Work to complete: Transcribe the data that follows in full. Leave out the pictures.

Dataset section:
---------------

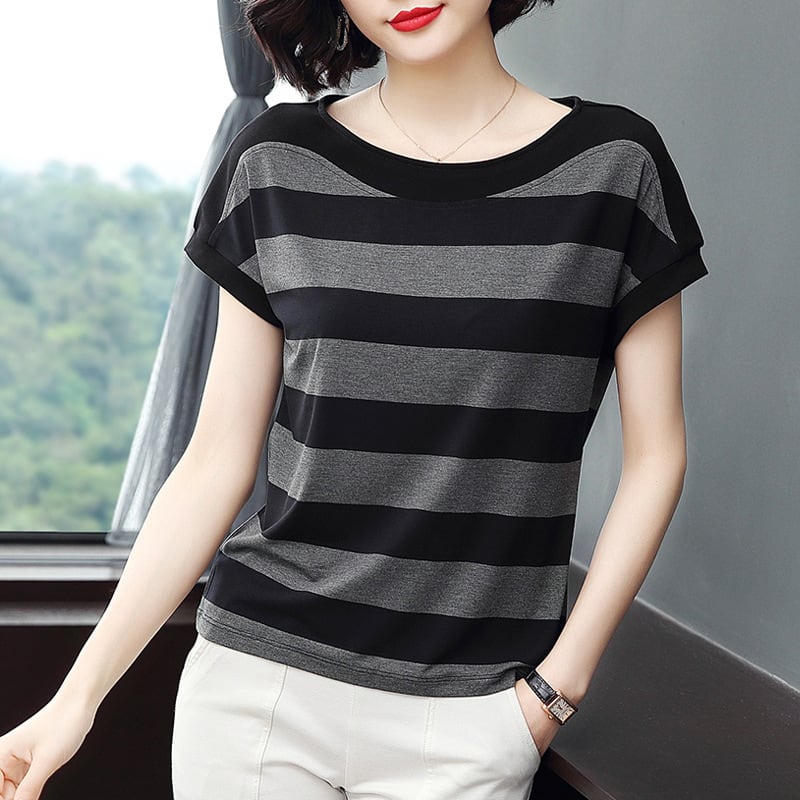 Striped Loose Short-sleeved T-shirt For Women view 6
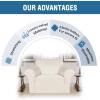 imageHVERSAILTEX Wingback Chair Covers Velvet Plush Wing Chair Slipcover 1 Piece High Stretch Wing Back Chair Slipcovers Sofa Cover Furniture Cover with Elastic Bottom CamelIvory
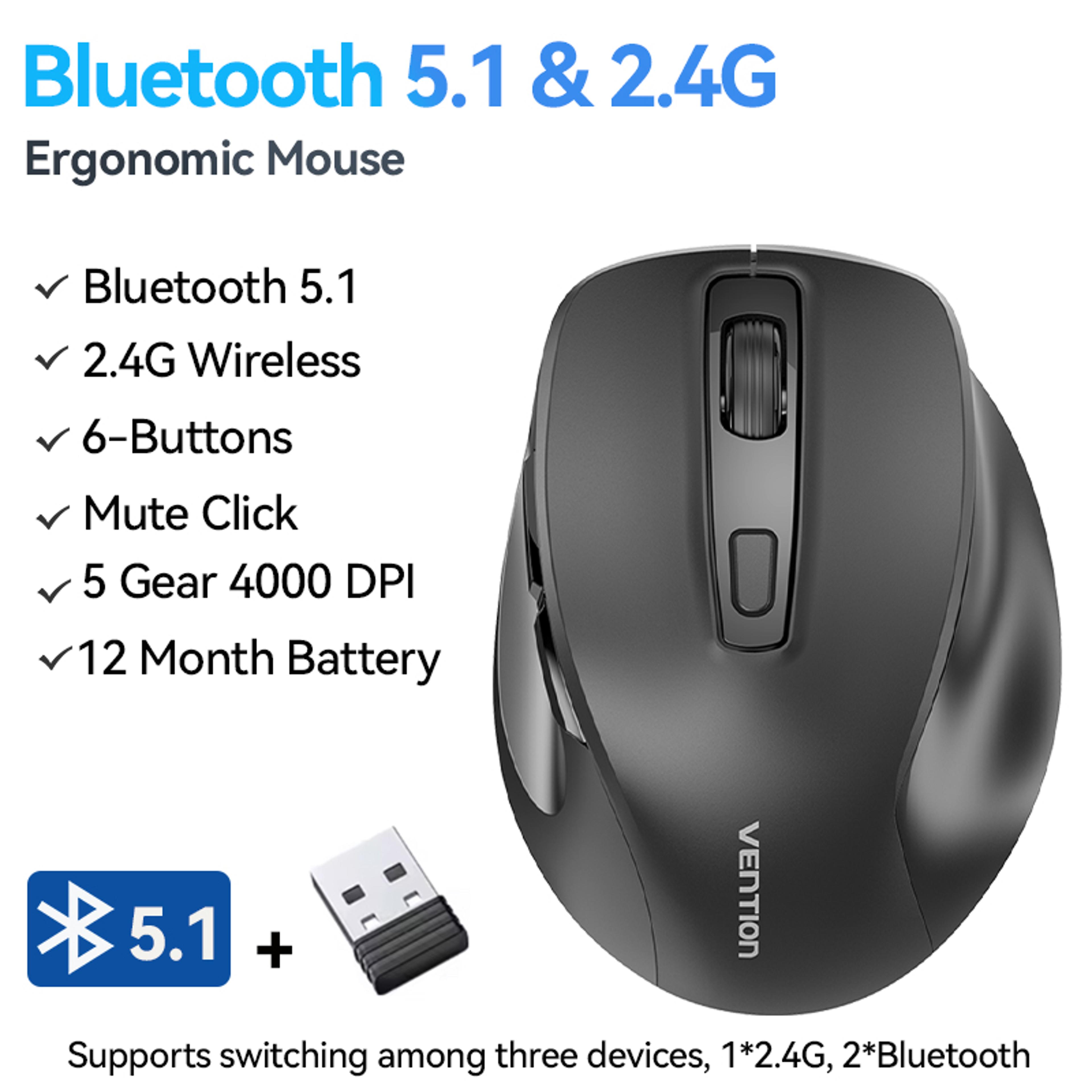 Vention Wireless Bluetooth Mouse Dual Mode Ergonomic DPI Silent Mouse For Laptop Mac  PC 7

---------------

Reply to the exercise:
 Striped Loose Short-sleeved T-shirt For Women view 6
 imageHVERSAILTEX Wingback Chair Covers Velvet Plush Wing Chair Slipcover 1 Piece High Stretch Wing Back Chair Slipcovers Sofa Cover Furniture Cover with Elastic Bottom CamelIvory
 Vention Wireless Bluetooth Mouse Dual Mode Ergonomic DPI Silent Mouse For Laptop Mac  PC 7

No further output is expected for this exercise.